Understanding Python Dependency Management using pideptree

[ til  ]

Learning about tree-based dependency management for a team project developed in Python using pipdeptree


Dependency management is important, as packages depend on versions of other core packages in order to run as intended. Typically in a Python project, dependencies are downloaded using a requirements.txt file, which lists the packages and their dependencies as a flat file. While the package versions are included in the requirements.txt file, the dependency relationships are not explicitly stated. Determining the dependency relationships between packages using requirements.txt often requires “reverse engineering” in the form of tracing the dependencies of each installed package and figuring out why pip installed certain packages (since pip does the work of resolving package dependencies when installing packages).

While searching for ways to resolve the multiple requirements.txt files from my colleages within a team project, I stumbled across pipdeptree, a command-line utility for displaying installed Python packages in the form of a dependency tree. The output is displayed in a tree-based format instead of a flat list, showing the dependency relationships between installed Python packages and their associated dependencies.

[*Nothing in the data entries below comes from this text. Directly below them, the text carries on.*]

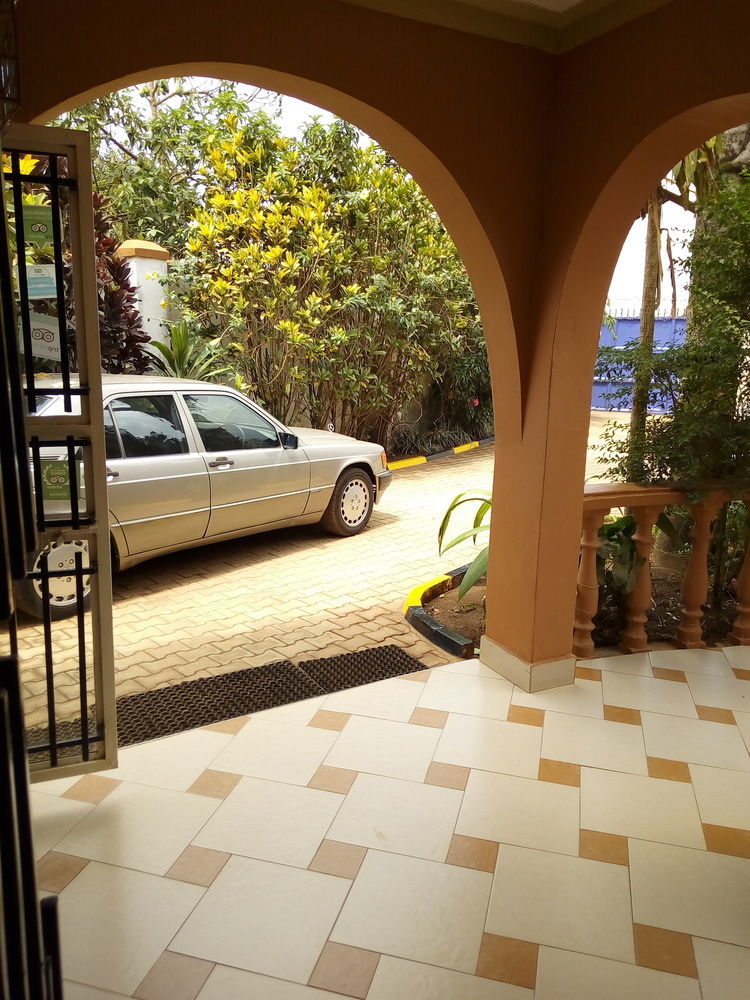 J Residence Motel Энтеббе Экстерьер фото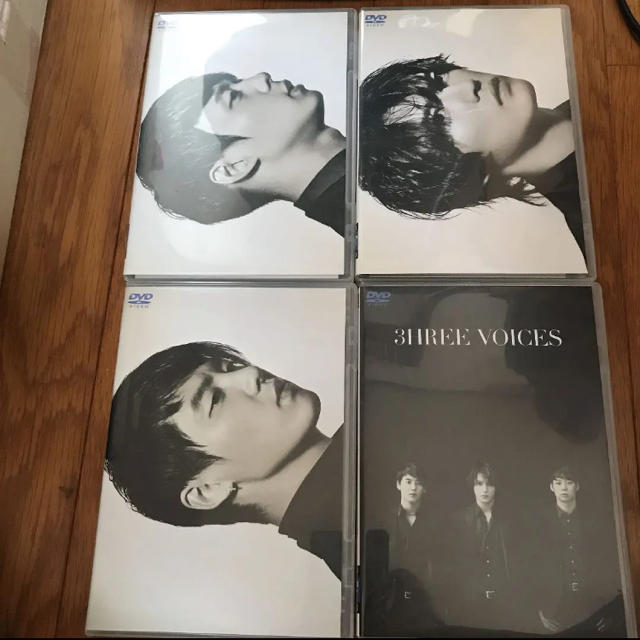 JYJ(ジェイワイジェイ)の「JUNSU/JEJUNG/YUCHUN/3HREE VOICES〈4枚組〉」 エンタメ/ホビーのDVD/ブルーレイ(ミュージック)の商品写真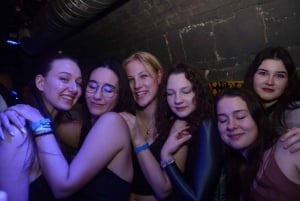 Berlin: Pubrunda med direkt inträde till klubben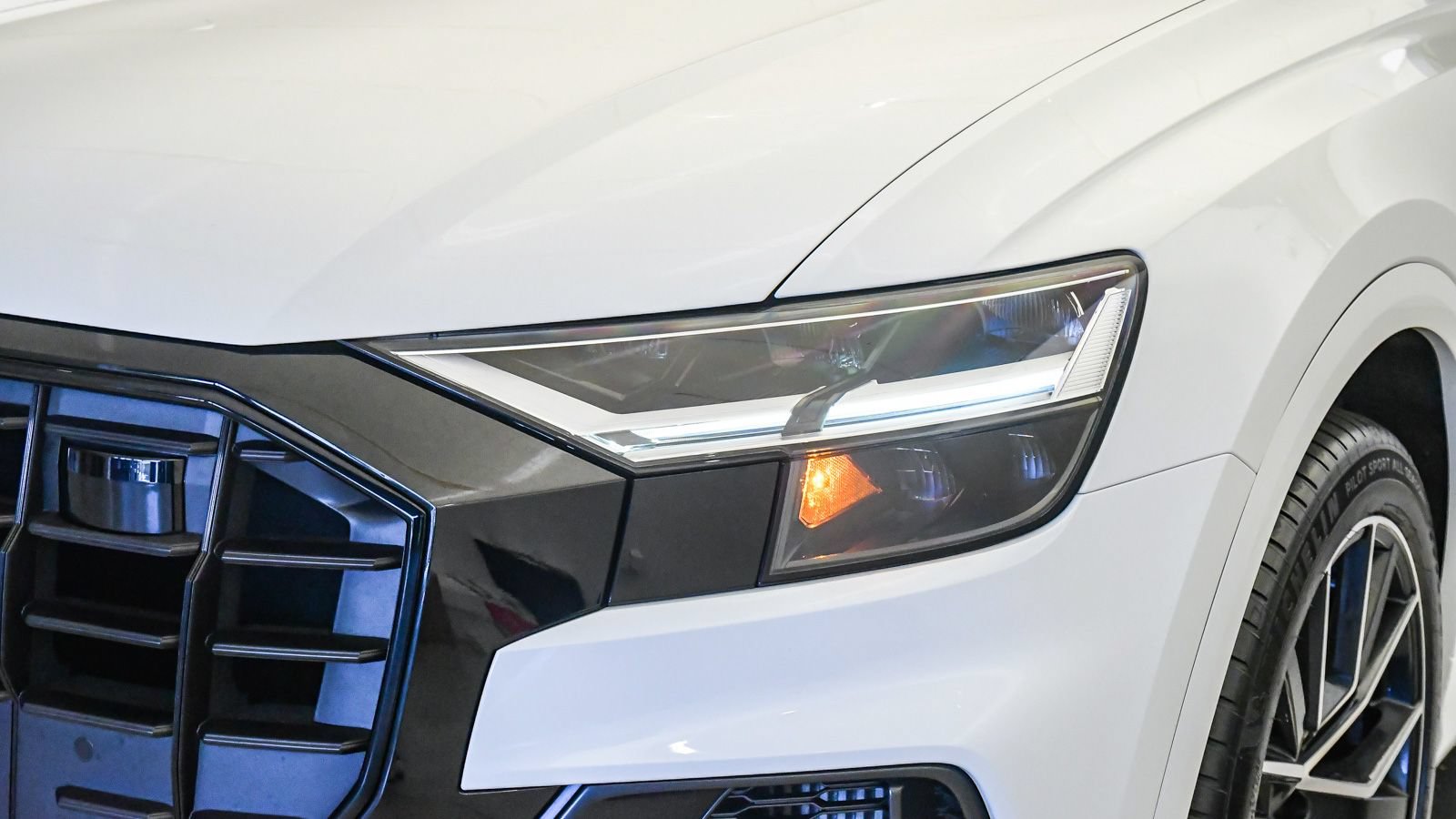 Used 2019 Audi Q8 Premium Plus AWD/4WD image 10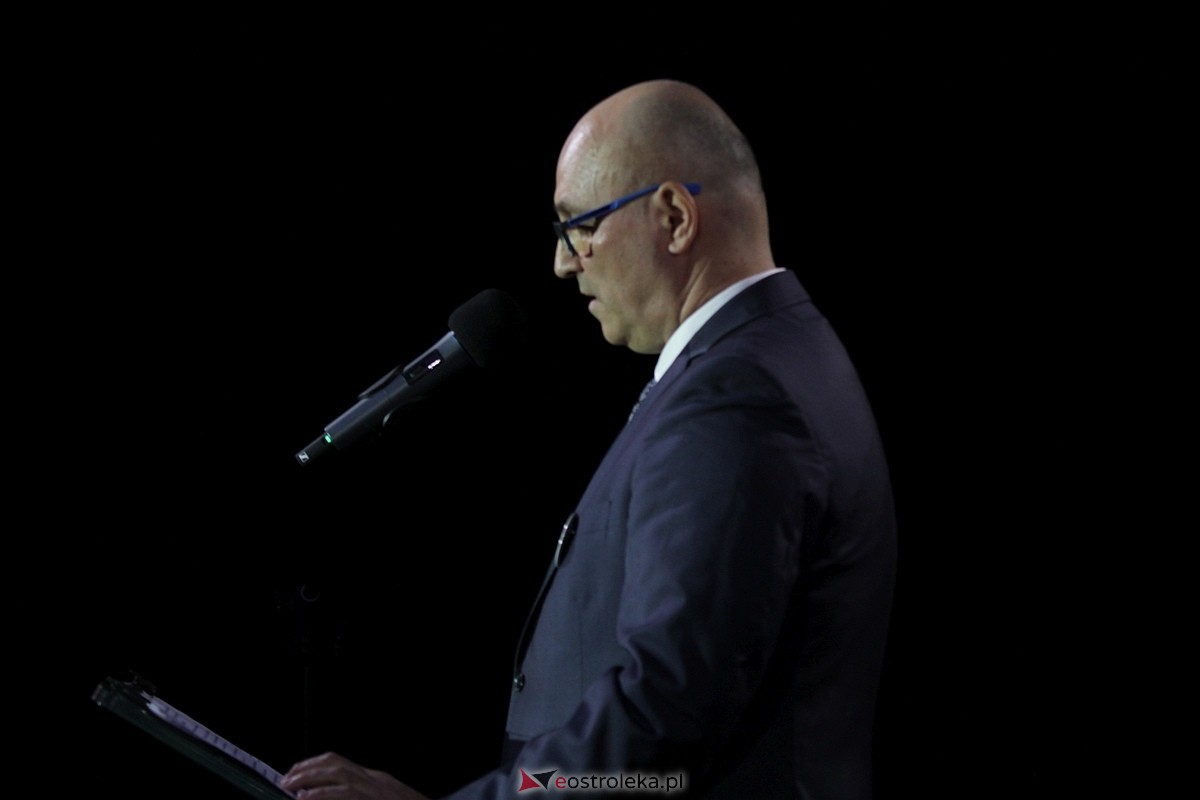 Uroczystość nadania imienia i przekazania sztandaru Szkole Podstawowej nr 4 [22.03.2024] - zdjęcie #82 - eOstroleka.pl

Using pipdeptree for dependency management

To install pipdeptree, use the following command:

pip install pipdeptree

or, if you prefer to use conda:

conda install -c conda-forge pipdeptree

In order to be able to manage dependencies within virtual environments, pipdeptree has to be installed within each individual virtual environment. If you are starting a new virtual environment for a project and would like to use pipdeptree for dependency management, you would have to install pipdeptree in that new virtual environment.

Dependency tree output

To view the dependency tree of every installed package within the virtual environment:

pipdeptree

To view the dependency tree of a particular package e.g. pandas, the flag -p or --packages is used:

pipdeptree -p pandas

To view the reverse dependency tree - the packages that are dependent on every installed package within the virtual environment, the flag -r or --reverse is used:

pipdeptree -r

Sometimes we may prefer to have the dependency tree displayed as json representation to be used as input to other external tools. In this case, the flag j or --json outputs a flat list of all packages with their immediate dependencies, while the flag --json-tree outputs a nested json representing the dependency relationships between packages.

pipdeptree --json       # for immediate dependencies

pipdeptree --json-tree  # for nested dependencies

To lay out the dependency graph, GraphViz is required in both the command-line interface and the virtual environment. The available output formats are dot, jpeg, pdf, png and svg. For example, if I would like to output my dependency graph in pdf, I use the following command:

pipdeptree --graph-output pdf > dependencies.pdf

Installing Graphviz in virtual environment

First, I installed Graphviz on Ubuntu 18.04 LTS Windows Subsystem for Linux (WSL) using apt-get install by using the following command:

sudo apt-get update

sudo apt-get install graphviz

Next, I installed graphviz for Python using conda:

conda install graphviz

As of now, I have yet to get Grahpviz running successfully on Windows + Anaconda, but I will try setting up Graphviz on Windows to work with pipdeptree when I have the time. Nevertheless, Graphviz works smoothly on Ubuntu 18.04 LTS WSL, so my current dependency management workflow is now on pip + venv + pipdeptree - and it works pretty smoothly without additional packages that conda installs in environments!

References

  1. pipdeptree . PyPI
  2. pipdeptree :: Anaconda Cloud
  3. Using pipdeptree in a virtualenv
Written on October 13, 2019